▶ [Exercise goal]
All lines in the records below from the line with "Sarcomere and myofilament structure" through the line with "Strawberry Haze" are to be given again exactly, both ends included; the pictures are to be left out.

* * * *

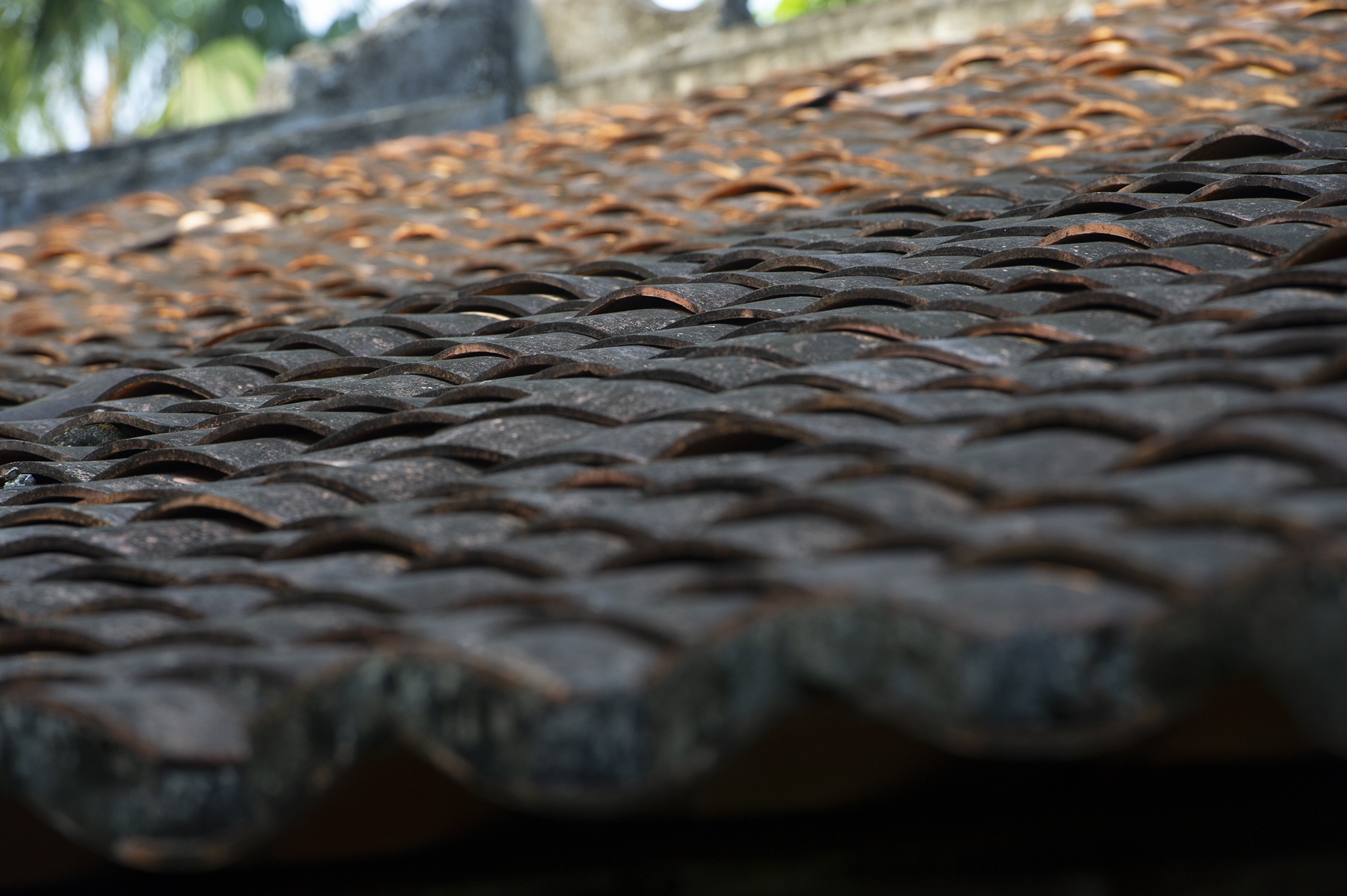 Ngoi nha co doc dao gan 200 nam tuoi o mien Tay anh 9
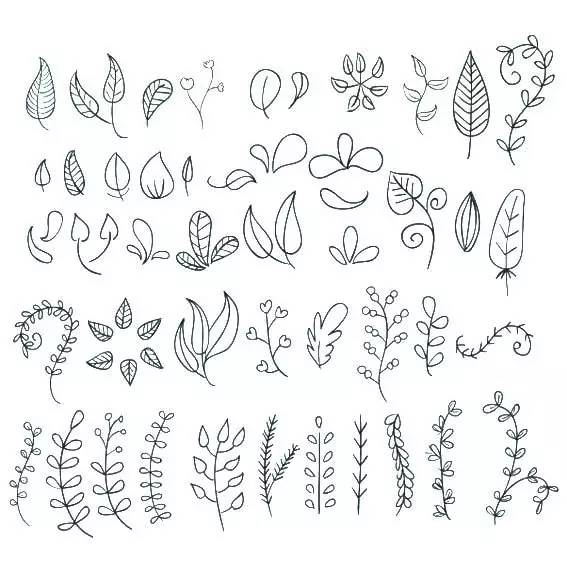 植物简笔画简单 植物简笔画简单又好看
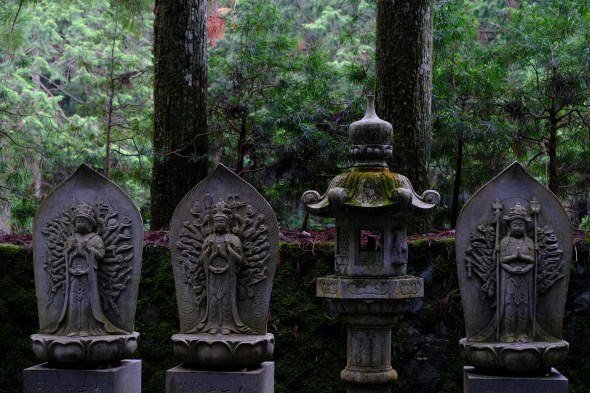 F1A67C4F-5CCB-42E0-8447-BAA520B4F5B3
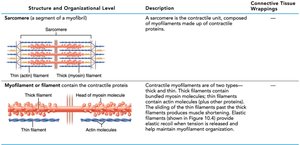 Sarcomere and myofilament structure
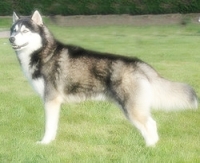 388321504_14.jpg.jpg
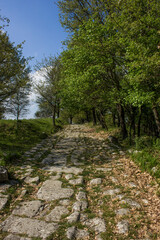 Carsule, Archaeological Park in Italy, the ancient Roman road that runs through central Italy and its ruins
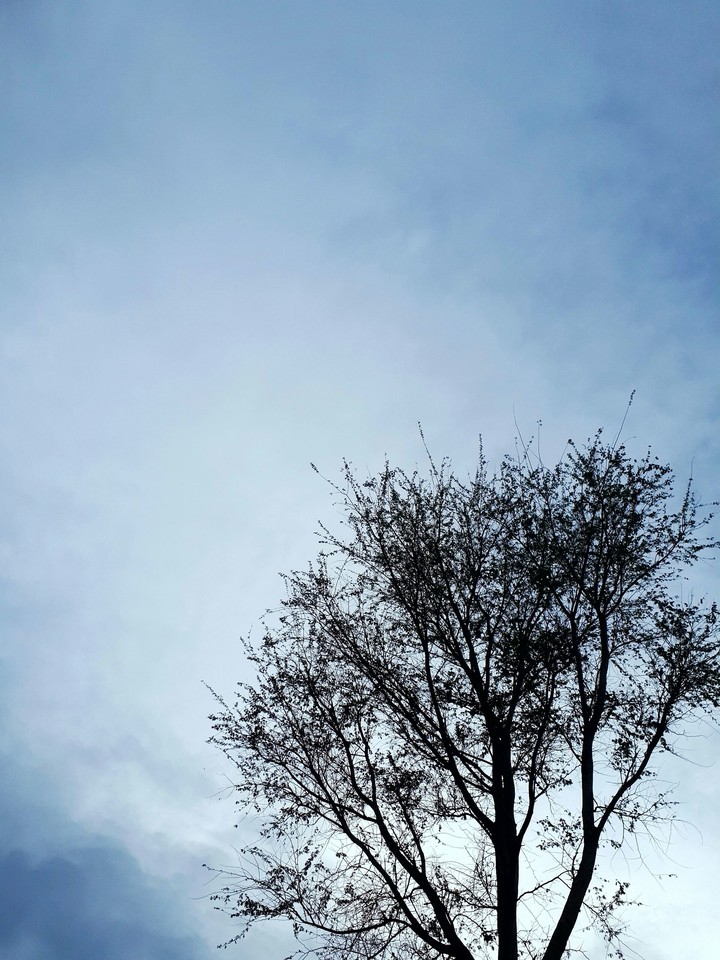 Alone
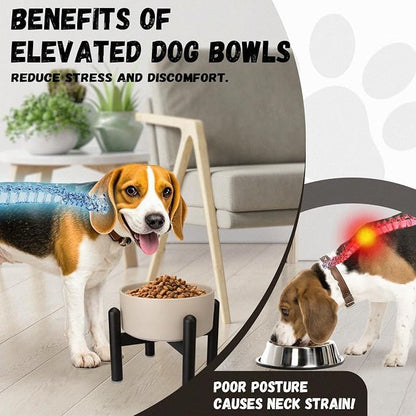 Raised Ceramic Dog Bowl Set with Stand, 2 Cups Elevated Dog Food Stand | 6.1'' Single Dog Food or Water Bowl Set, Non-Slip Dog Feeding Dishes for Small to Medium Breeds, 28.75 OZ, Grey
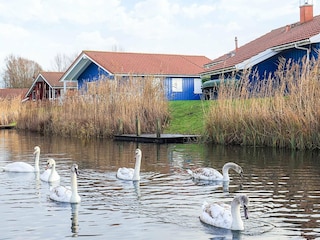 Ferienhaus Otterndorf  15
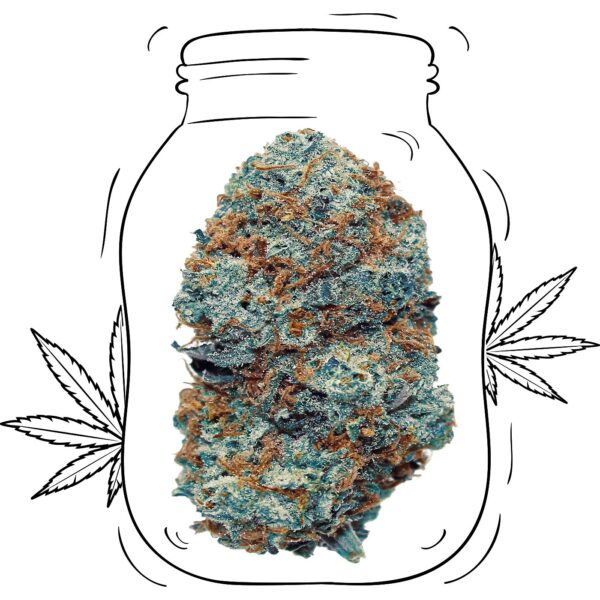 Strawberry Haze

* * * *

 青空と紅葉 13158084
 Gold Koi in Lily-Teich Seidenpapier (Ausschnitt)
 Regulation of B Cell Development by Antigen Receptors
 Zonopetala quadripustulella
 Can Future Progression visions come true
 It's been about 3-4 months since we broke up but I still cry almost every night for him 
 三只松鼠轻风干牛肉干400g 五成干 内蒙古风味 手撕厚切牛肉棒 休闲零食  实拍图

* * * *

▶ [Answer for this exercise]
 Sarcomere and myofilament structure
 388321504_14.jpg.jpg
 Carsule, Archaeological Park in Italy, the ancient Roman road that runs through central Italy and its ruins
 Alone
 Raised Ceramic Dog Bowl Set with Stand, 2 Cups Elevated Dog Food Stand | 6.1'' Single Dog Food or Water Bowl Set, Non-Slip Dog Feeding Dishes for Small to Medium Breeds, 28.75 OZ, Grey
 Ferienhaus Otterndorf  15
 Strawberry Haze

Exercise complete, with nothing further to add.